Wednesday, December 17, 2014

Kick Andy Magazine | Opini: Art of Doing Nothing | Oktober, 2011 | by Nurul Farichah


Kali ini, 'Me Time' membahas tentang Art of Doing Nothing yaitu sebuah sesi berdiam diri sejenak tanpa memikirkan apa-apa yang ternyata merupakan sebuah kebutuhan untuk terhindar dari stres. Untuk itu kami ingin bertanya kepada Anda: pentingkah melakukan Art Of Doing Nothing ini? Dan pernahkah Anda melakukannya? Opini dapat ditulis sekitar 100 kata saja.

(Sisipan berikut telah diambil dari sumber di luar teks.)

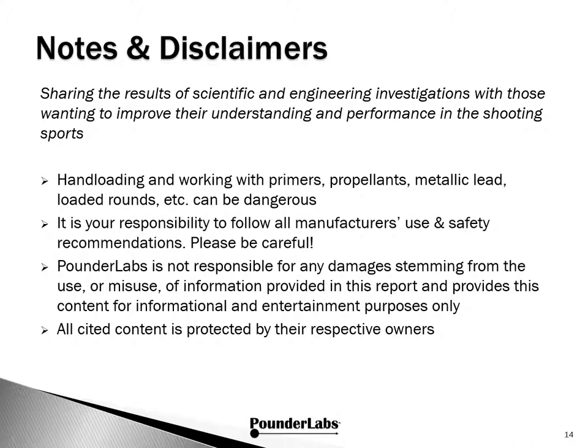As you're thinking about subscribing, please take a moment and look over these important notes and disclaimers — they're here for both your protection and ours. Join us for our next video in this series. Thanks for watching. See you soon.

Menurut saya, masyarakat modern saat ini hidup dalam era "Always Doing Something". Always doing something is a positive thing. 
Saya pernah baca sebuah buku berjudul Time Shifting karya Stephan Rechtschaffen, dia menulis bawa waktu adalah persepsi mental. Umum sekali kita dengar "24 jam tidak cukup," atau "Waktu kok sekarang berjalan cepat sekali ya?" Sebetulnya itu adalah persepsi mental, yang merasa kegiatan kita terlalu banyak, sehingga 24 jam tidak lagi cukup. Kita jadi kehilangan kemampuan untuk menikmati waktu kosong. Pada saat liburan, orang yang biasa kerja malah tersiksa karena merasa harus terus berbuat sesuatu. 
Seperti mesin, jika ia dipacu terus-terusan tanpa pernah istirahat, pada satu titik ia akan jebol. Pada manusia, istirahat bukan berarti hanya tidur, tapi bagaimana pikiran dan mental kita ikut relaks.
Saya setuju dengan pembubuhan "art" pada "doing nothing", karena dalam  kehidupan modern, untuk bisa beradaptasi dengan "doing nothing" diperlukan seni, pemahaman, dan teknik. Bagi saya pribadi, "doing nothing" paling ideal dilakukan dalam bentuk meditasi mengamati. Bukan konsentrasi. Karena dalam konsentrasi kita kembali "berbuat sesuatu". 
Dalam meditasi mengamati, kita duduk diam mengamati apa yang terjadi. Tubuh kita, pikiran kita, celotehan batin, dsb, tanpa mengintervensi atau aktif melakukan sesuatu. Jika dilakukan rutin, batin dan pikiran kita menjadi terbiasa untuk punya "rem", tidak senantiasa reaktif.